I always found the Swamp Spider House a little annoying, though it’s not really bad. The player must rely on a lot of odd little things to get through, including certain songs, bottled bugs, and things like that, so I think it was a little more haphazardly designed and demanding of resources than it needed to be; its design didn’t really feel smooth. This didn’t ruin its value to the game as an optional dungeon, and it was still fun in that role. However, the Oceanside Spider House was much cooler.

While the Swamp Spider House definitely looked distinct on the inside — like a bright Aztec shrine — the Oceanside Spider House’s design is much more my thing. Looking completely normal on the outside, it almost immediately descends into a dark cellar, and its dark innards resemble a haunted house far more than any other dungeon of the series does. It has an excellent atmosphere, and probably has the single best use of the game’s generic cave music; it feels meant for the Oceanside Spider House. I love this area and I enjoy it every time I play the game. I feel its design was way smoother than that of its predecessor, as well.

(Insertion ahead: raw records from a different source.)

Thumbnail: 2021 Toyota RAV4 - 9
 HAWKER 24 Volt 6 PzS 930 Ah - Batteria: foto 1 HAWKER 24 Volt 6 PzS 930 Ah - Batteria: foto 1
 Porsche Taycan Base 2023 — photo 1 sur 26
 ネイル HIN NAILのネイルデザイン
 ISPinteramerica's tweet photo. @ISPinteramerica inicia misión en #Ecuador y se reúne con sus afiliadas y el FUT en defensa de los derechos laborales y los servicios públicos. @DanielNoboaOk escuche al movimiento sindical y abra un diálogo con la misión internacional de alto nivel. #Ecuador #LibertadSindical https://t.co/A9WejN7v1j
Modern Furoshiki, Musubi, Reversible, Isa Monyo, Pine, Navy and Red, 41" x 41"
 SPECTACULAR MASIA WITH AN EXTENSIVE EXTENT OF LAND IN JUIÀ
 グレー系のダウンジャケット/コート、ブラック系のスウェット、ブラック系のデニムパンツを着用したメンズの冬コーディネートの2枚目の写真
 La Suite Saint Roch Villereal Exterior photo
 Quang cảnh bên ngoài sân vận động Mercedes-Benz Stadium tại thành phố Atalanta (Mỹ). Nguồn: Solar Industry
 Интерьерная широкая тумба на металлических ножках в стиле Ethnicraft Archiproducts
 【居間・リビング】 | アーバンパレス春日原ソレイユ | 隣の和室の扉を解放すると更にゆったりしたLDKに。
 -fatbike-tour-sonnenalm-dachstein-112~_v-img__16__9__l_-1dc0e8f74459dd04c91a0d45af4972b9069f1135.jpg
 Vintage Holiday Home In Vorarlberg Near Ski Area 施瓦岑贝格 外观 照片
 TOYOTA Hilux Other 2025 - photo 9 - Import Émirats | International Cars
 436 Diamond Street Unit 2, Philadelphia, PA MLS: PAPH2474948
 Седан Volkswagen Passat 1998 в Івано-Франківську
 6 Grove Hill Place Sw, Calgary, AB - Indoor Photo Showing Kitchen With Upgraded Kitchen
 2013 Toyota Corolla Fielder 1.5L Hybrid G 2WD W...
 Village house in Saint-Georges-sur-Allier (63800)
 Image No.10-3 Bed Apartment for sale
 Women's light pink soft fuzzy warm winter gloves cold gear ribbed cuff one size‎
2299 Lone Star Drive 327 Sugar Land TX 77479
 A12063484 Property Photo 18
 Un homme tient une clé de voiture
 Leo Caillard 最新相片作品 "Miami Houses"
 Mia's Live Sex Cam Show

And finally, we cap off this enormous list of maybe, maybe not mini-dungeons with the game’s final one, and indeed the final dungeon of the game entirely: The Moon.

I’m sure everyone’s familiar with the surreal plain in which you encounter the infamous “Moon Children”. Wearing the masks of the dungeon bosses found throughout the game, these children take you into isolated mini-dungeons themed after the bosses and their respective areas at the price of masks. If you have all of the masks and can complete all of these mini-dungeons, you can collect the Fierce Deity Mask just before facing the final boss by speaking to the child wearing Majora’s Mask.

The symbolism of this part of the game is debated — I personally think it’s a spiritual moment representative of the Skill Kid and his regrets regarding his friendships — but I also want to talk about the design here.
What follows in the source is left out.